To weld the vehicle panel 16 and the ancillary structural components 24-30 together, both the vehicle panel 16 and the ancillary structural components 24-30 should have overlapping melting temperatures. In one embodiment, the overlapping melting temperatures of the vehicle panel 16 and the ancillary structural components 24-30 correspond with a temperature the welding station produces when the vehicle panel 16 and ancillary structural components 24-30 are placed under a laser of the laser welding station for a specified period of time.
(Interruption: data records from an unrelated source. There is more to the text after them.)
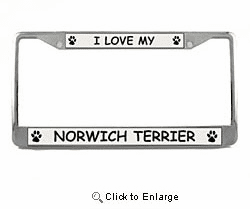 Norwich Terrier License Plate Frame
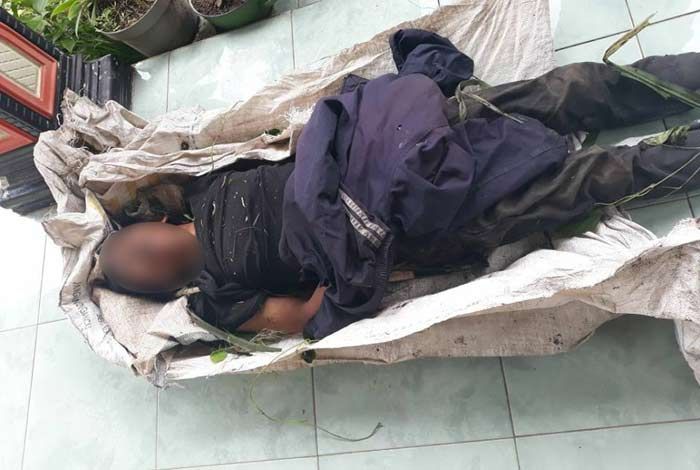 Terjatuh dari Pohon Setinggi 15 Meter, Pencari Petai Warga Bendorejo Ditemukan Tewas Terjatuh dari Pohon Setinggi 15 Meter, Pencari Petai Warga Bendorejo Ditemukan Tewas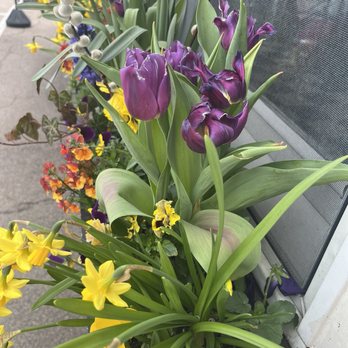 Jitters Cafe - Pretty Spring Flowers Outside - Coffee & Tea Near Me - North Kingstown, Rhode Island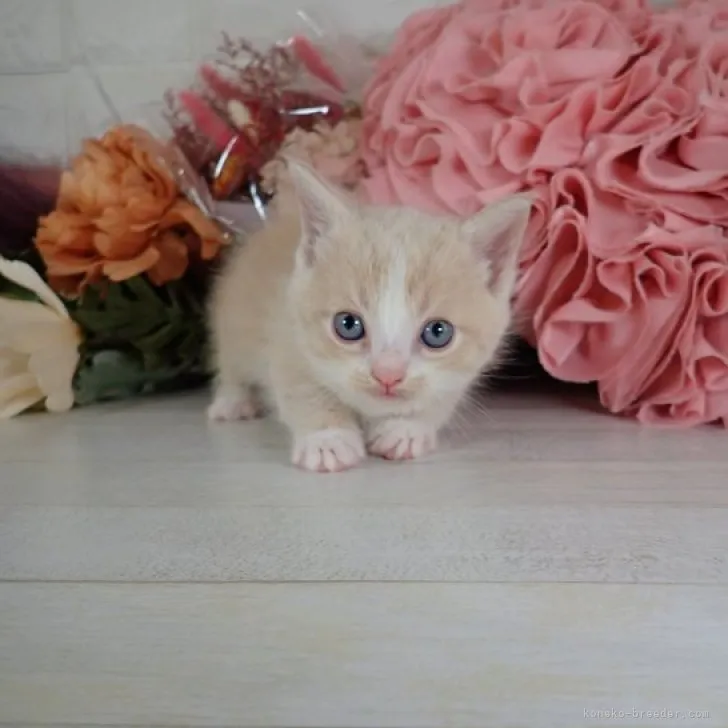 ID：2304-02755の子猫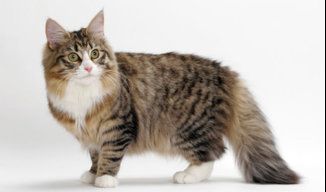 BEAMED-CAT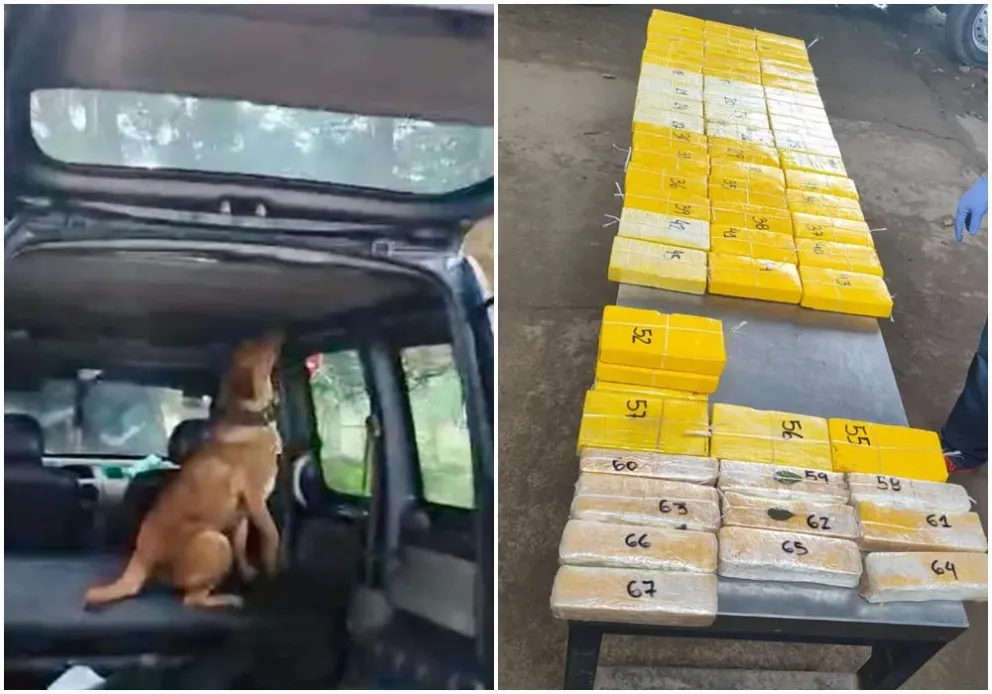 En la Ruta Nacional 34: dos personas trasladaban 64 kilos de droga en el techo del auto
Referring now to FIG. 7, a partial view of a vehicle panel 16 is illustrated joined together with an ancillary structural component 24. A weld zone 35 exists between the vehicle panel 16 and the ancillary structural component 24 that does not disrupt the exposed, visible side 21 of the vehicle panel 16. An adequate penetration weld may be employed so that the weld does not alter the finish of an exposed, visible side 21 of the vehicle panel 16.

While embodiments of the invention have been illustrated and described, it is not intended that these embodiments illustrate and describe all possible forms of the invention. Rather, the words used in the specification are words of description rather than limitation, and it is understood that various changes may be made without departing from the spirit and scope of the invention.